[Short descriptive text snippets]
- Opening Delimiter -
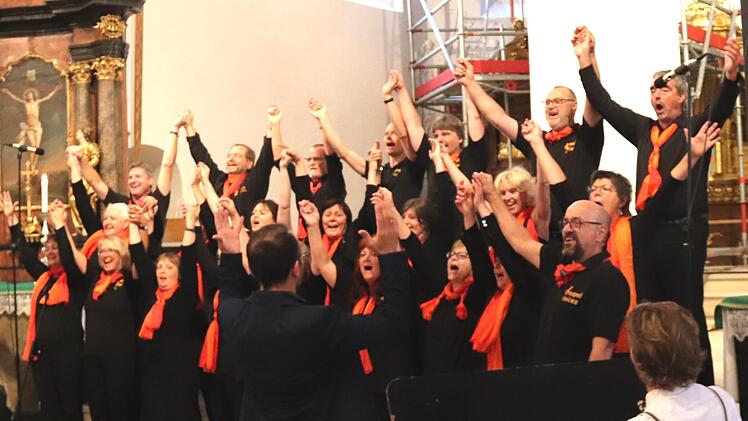 Die "Gospel Voices" genossen den langanhaltenden Beifall ihrer Zuhörer. Foto: Johanna Blum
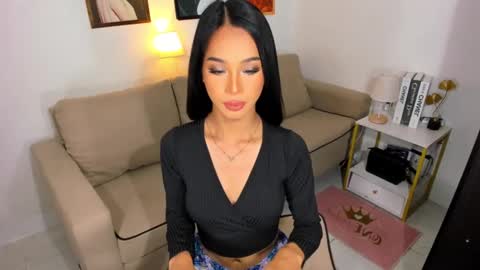 Snapshot of ivorycollins chatting on 01-03-25, 11:35 kirstenelsie online show from 01-03-25, 11:35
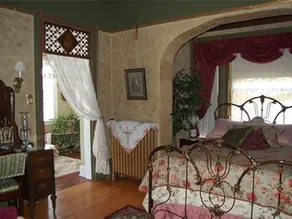 Schuster Mansion Bed & Breakfast - Image 3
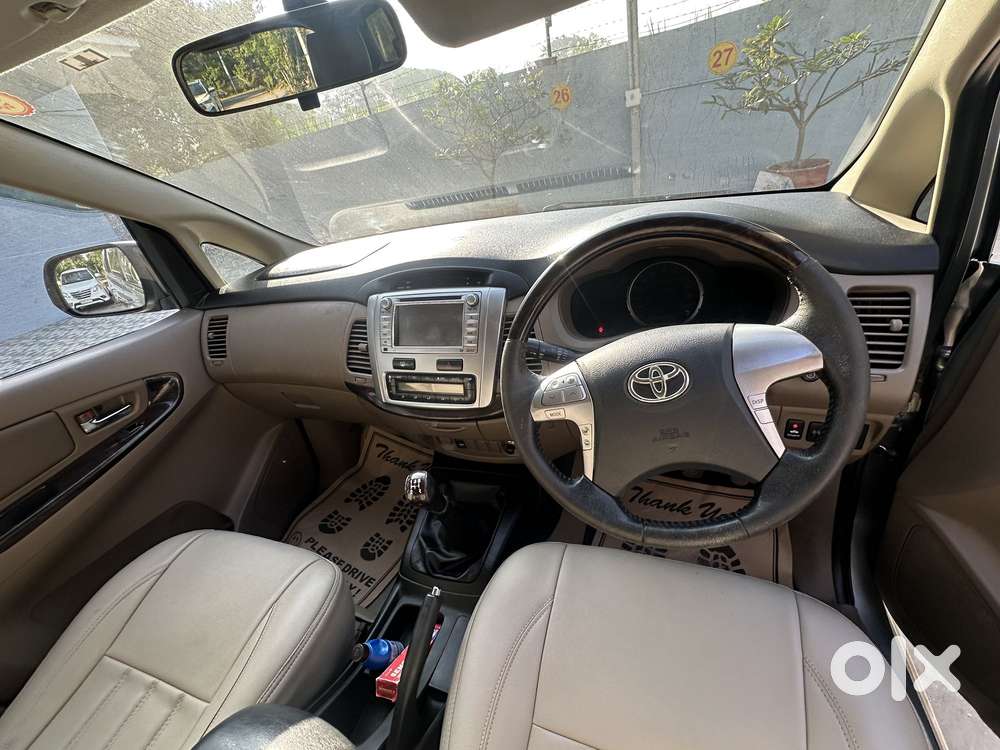 Toyota Innova 2.5 Zx 7 Str Bs-iv, 2015, Diesel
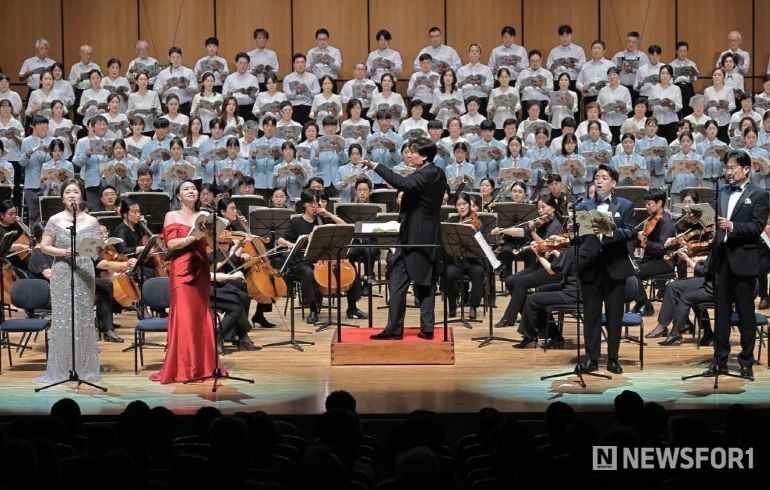 13일 열린 시립예쑬단 광북 80주년 기념음악회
- Closing Delimiter -
- **Task description**
Take the line with "Toyota Innova 2.5" as the first line and the last line of the records above as the final one; reproduce exactly the lines between them, both included, without pictures.

- **Response area**
 Toyota Innova 2.5 Zx 7 Str Bs-iv, 2015, Diesel
 13일 열린 시립예쑬단 광북 80주년 기념음악회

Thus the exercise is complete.